The militant group of Babis was between thirty and seventy persons, only a small number of the total Babi population of perhaps 100,000. Their meetings appear to have come under the control of a "Husayn Jan", an emotive and magnetic figure who obtained a high degree of personal devotion to himself from the group. Meanwhile, Tahirih and Bahaʼu'lláh, visible leaders of the community previously, were removed from the scene – Tahirih by arrest and in the case of Bahaʼu'lláh an invitation to go on pilgrimage to Karbila. On 15 August 1852, three from this small splinter group, acting on their own initiative, attempted to assassinate Naser al-Din Shah Qajar as he was returning from the chase to his palace at Niavarān.[52] Notwithstanding the assassins' claim that they were working alone, the entire Bábí community was blamed, and a slaughter of several thousand Bábís followed, starting on 31 August 1852 with some thirty Bábís, including Táhirih. Dr Jakob Eduard Polak, then the Shah's physician,[53] was an eye-witness to her execution.[54][55] Baháʼu'lláh surrendered himself and he along with a few others were imprisoned in the Siāhchāl "Black Pit", an underground dungeon in Tehran.[56] Meanwhile, echoes of the newspaper coverage of the violence continued into 1853.[57]

Baháʼí–Azali split[edit]

In most of his prominent writings, the Báb alluded to a Promised One, most commonly referred to as "He whom God shall make manifest", and that he himself was "but a ring upon the hand of Him Whom God shall make manifest." Within 20 years of the Báb's death, over 25 people claimed to be the Promised One, most significantly Baháʼu'lláh.

Shortly before the Báb's execution, a follower of the Báb, Abd al-Karim, brought to the Báb's attention the necessity to appoint a successor; thus the Báb wrote a certain number of tablets which he gave to Abd al-Karim to deliver to Subh-i Azal and Baháʼu'lláh.[58] These tablets were later interpreted by both Azalis and Baháʼís as proof of the Báb's delegation of leadership.[58] ʻAbdu'l-Bahá stated that the Báb did this at the suggestion of Baháʼu'lláh.[59] In one of the tablets, which is commonly referred to as the Will and Testament of the Báb, Subh-i Azal is viewed to have been appointed as leader of the Bábis after the death of the movement's founder; the tablet, in verse 27, orders Subh-i Azal "...to obey Him Whom God Shall Make Manifest."[60] At the time of the apparent appointment Subh-i Azal was still a teenager, had never demonstrated leadership in the Bábí movement, and was still living in the house of his older brother, Baháʼu'lláh. All of this lends credence to the Baháʼí claim that the Báb appointed Subh-i Azal the head of the Bábí Faith so as to divert attention away from Baháʼu'lláh, while allowing Bábís to visit Baháʼu'lláh and consult with him freely, and allowing Baháʼu'lláh to write Bábís easily and freely.

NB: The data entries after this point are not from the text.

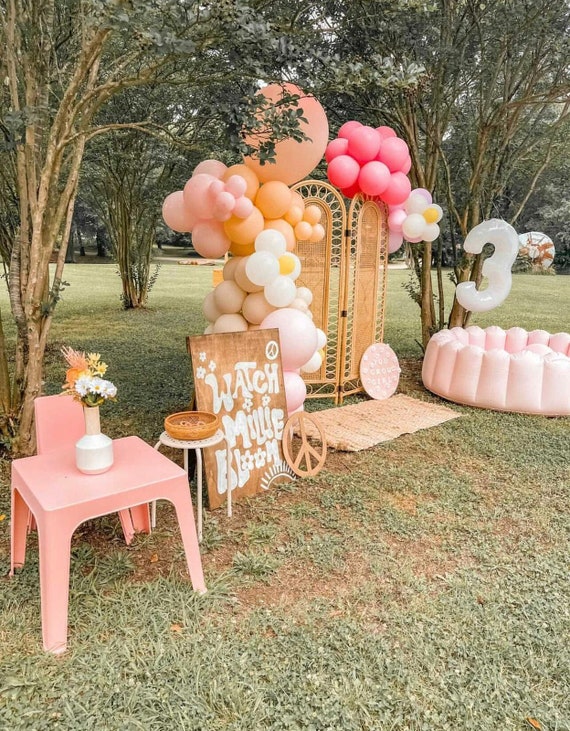 Daisy Flower Girl Boho Pink Peach DIY Balloon Garland Kit First Birthday Party  Decor Balloon Arch Baby Shower Boho Bridal Shower Decor -  Canada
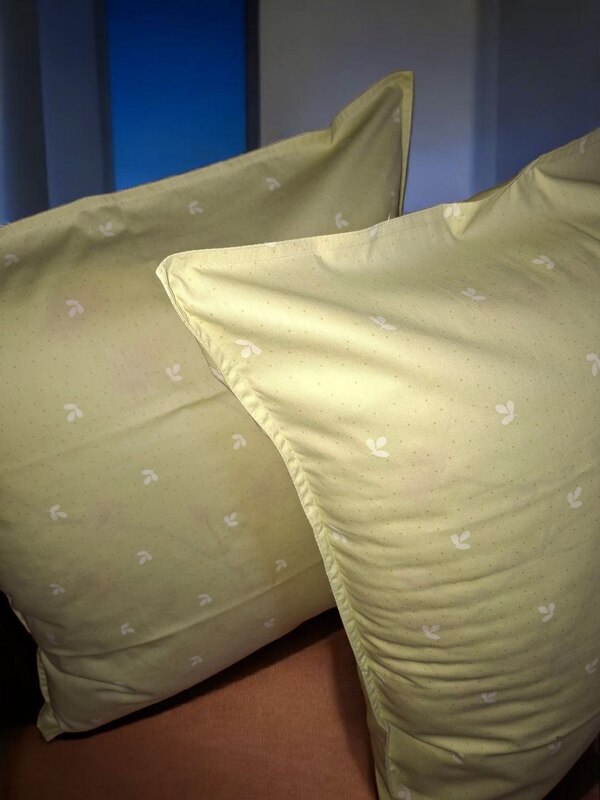 Yostiq jildi 2 dona 1828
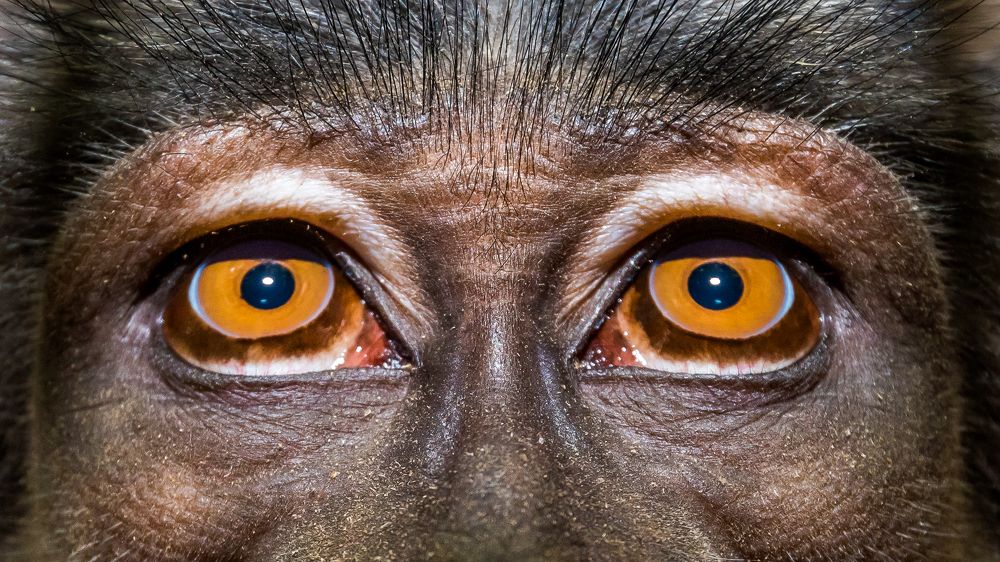 Photograph by Алина Аркатова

Subh-i Azal's leadership was controversial. He generally absented himself from the Bábí community spending his time in Baghdad in hiding and disguise; and even went so far as to publicly disavow allegiance to the Báb on several occasions.[61][62] Subh-i Azal gradually alienated himself from a large proportion of the Bábís who started to give their alliance to other claimants.[61] During the time that both Baháʼu'lláh and Subh-i-Azal were in Baghdad, since Subh-i Azal remained in hiding, Baháʼu'lláh performed much of the daily administration of the Bábí affairs.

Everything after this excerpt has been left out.